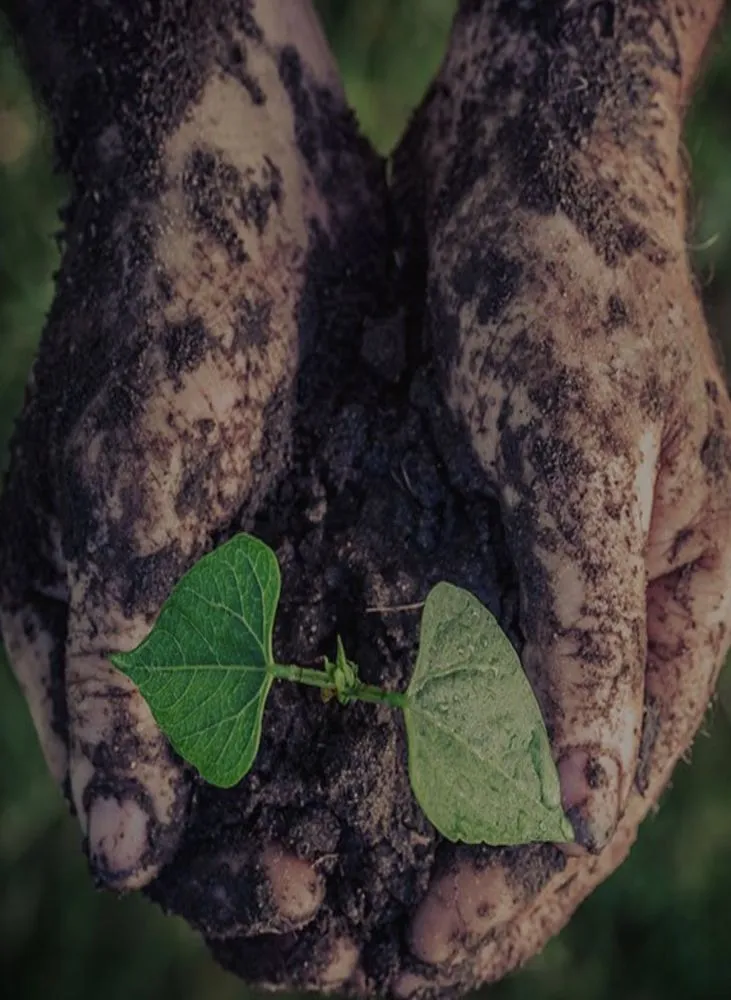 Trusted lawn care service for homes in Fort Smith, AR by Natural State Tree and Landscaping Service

*****

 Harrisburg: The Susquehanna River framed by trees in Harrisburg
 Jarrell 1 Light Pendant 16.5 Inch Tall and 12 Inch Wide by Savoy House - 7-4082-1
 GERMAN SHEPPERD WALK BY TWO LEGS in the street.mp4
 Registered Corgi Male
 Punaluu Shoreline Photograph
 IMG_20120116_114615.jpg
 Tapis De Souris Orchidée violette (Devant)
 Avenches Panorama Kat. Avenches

*****

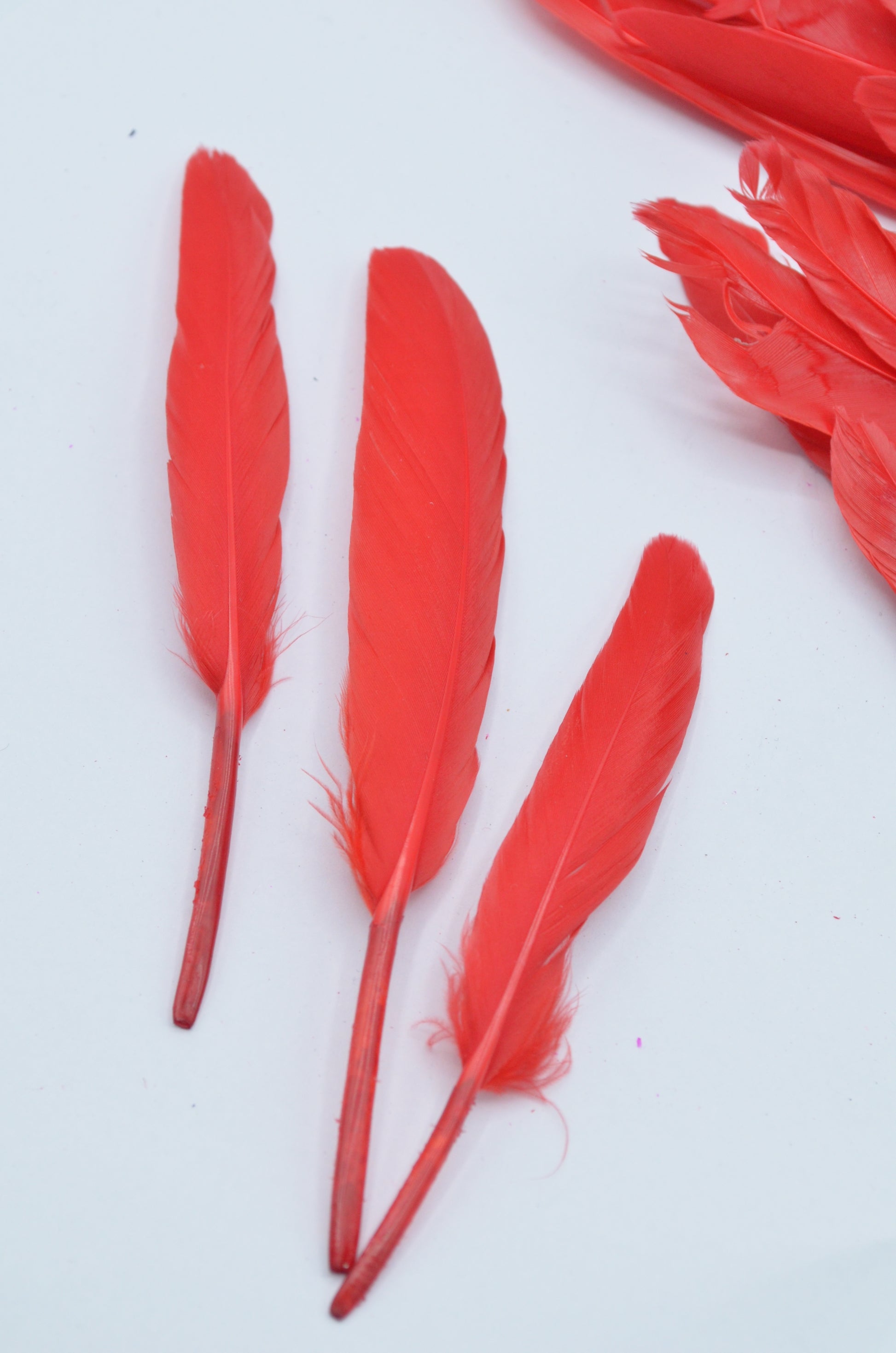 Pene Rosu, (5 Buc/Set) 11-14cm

*****

**The problem:** Using the entries above, output exactly the lines between the line holding "IMG_20120116_114615.jpg" and the line holding "Avenches Panorama Kat. Avenches", end lines included, and nothing more.

**Task answer:**
 IMG_20120116_114615.jpg
 Tapis De Souris Orchidée violette (Devant)
 Avenches Panorama Kat. Avenches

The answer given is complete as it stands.